Movie Review: The Mississippi Gambler (1953)


A drama and romance set among the rich and adventurous in mid-1800s New Orleans, The Mississippi Gambler has no shortage of plot and is gorgeous to look at, but is also undermined by overflowing soapiness.

Mark Fallon (Tyrone Power) hails from a respected New York family but decides to seek a life of adventure as a professional riverboat gambler on the Mississippi River. He strikes a friendship with Kansas John Polly (John McIntire), and on their first sailing they meet the brother and sister duo of Angelique and Laurent Dureau (Piper Laurie and John Baer). Mark is immediately smitten with Angelique, but she is standoffish. Laurent is a weasel and covers his gambling losses with his sister's precious necklace.

In New Orleans Mark befriends Redmond Dureau (Paul Cavanagh), Angelique's father, and meets banker George Elwood (Ron Randell), who is trying to win her heart.
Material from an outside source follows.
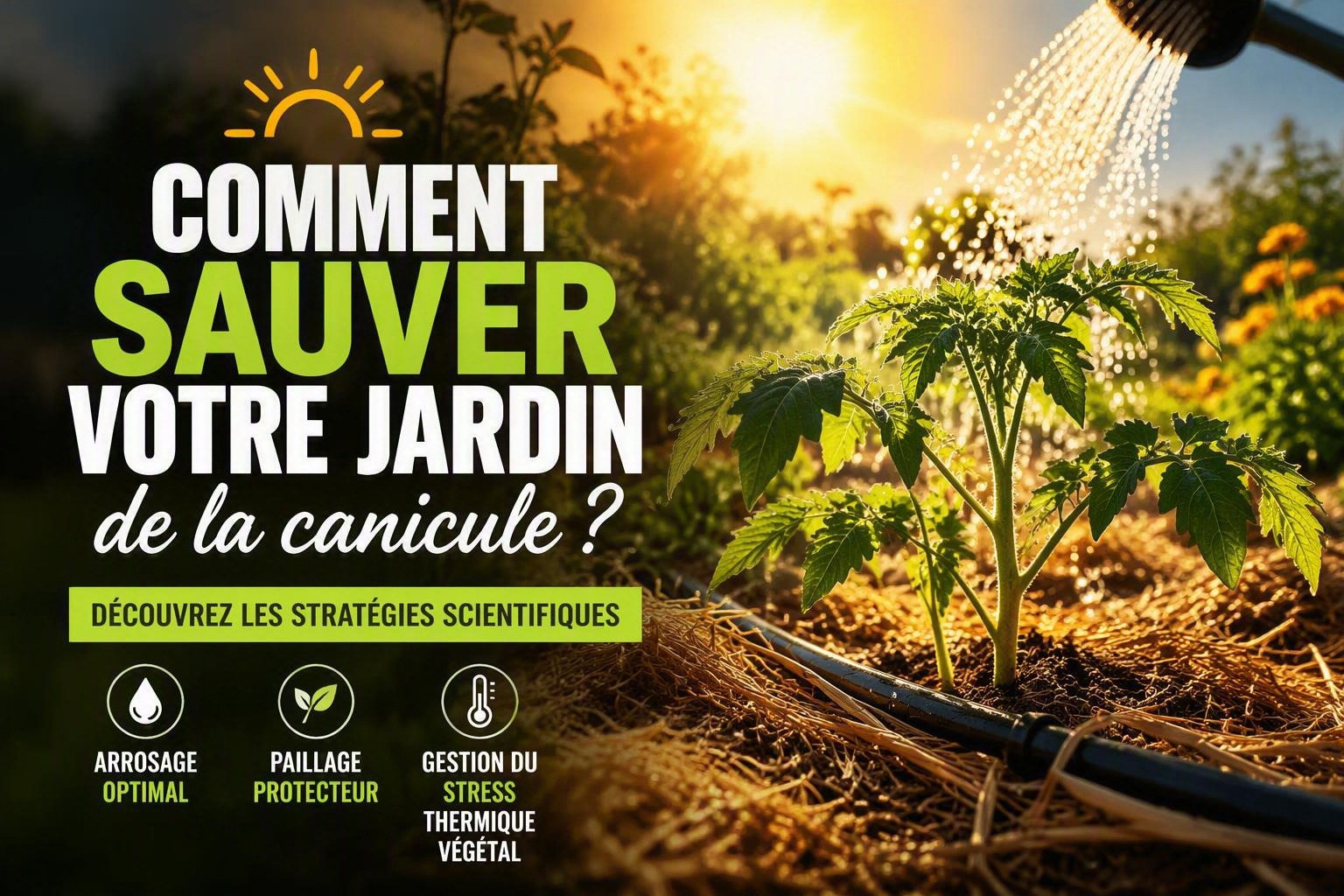 Canicule et fortes chaleurs : le guide scientifique pour protéger votre jardin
Mark also helps Ann Conant (Julie Adams) when her brother commits suicide after incurring big gambling losses. Ann falls in love with Mark, Laurent falls in love with Ann, but Mark only has eyes for Angelique, as a series of high profile and self-inflicted tragedies strike the Dureau family.

A sprawling story featuring overlapping love triangles, multiple duels and tense poker table showdowns, The Mississippi Gambler moves quickly from one episode to the next. The overabundance of dramatic incidents combined with lavish sets, vivid colours and elegant wardrobes ensure the film is never slow or boring, but leave little room for reflection or character development.

If Mark Fallon left New York to find adventure, he is not disappointed. Director Rudolph Maté keeps the mood light and the pace fast by wedging an on-board ambush, two old fashioned duels-at-sunrise, a corporate bankruptcy, a suicide, an attempted murder, a business start-up venture and a couple of friendly fencing sessions in between all the romantic pursuits.

But the emotional core of the film is somewhat distant, as the central romance between Mark and Angelique sits on ice as he expresses his belief in a love she repeatedly rebuffs. As he waits for her heart to thaw, Ann develops a serious crush on Mark, the bland George adopts a slow and steady approach to win Angelique's hand in marriage if not her heart in love, and Laurent wastes no opportunity to make a fool of himself.

Mark and Redmond bond over a shared passion for adventurism, a common code of gentlemanly chivalrous living and an expertise in fencing, writer Seton I. Miller finding a way to salute Tyrone Power's swashbuckling past. The friendship between the two men unexpectedly emerges as the film's warmest element.

Tyrone Power easily represents the morally pure Mark Fallon in a role that suffers from a lack of any flaw. The supporting cast adequately portrays the high society of New Orleans, but all the characters are firmly defined in one non-evolving dimension. The Mississippi Gambler shuffles cards with admirable expertise, but deal with a flurry rather than deliberate focus.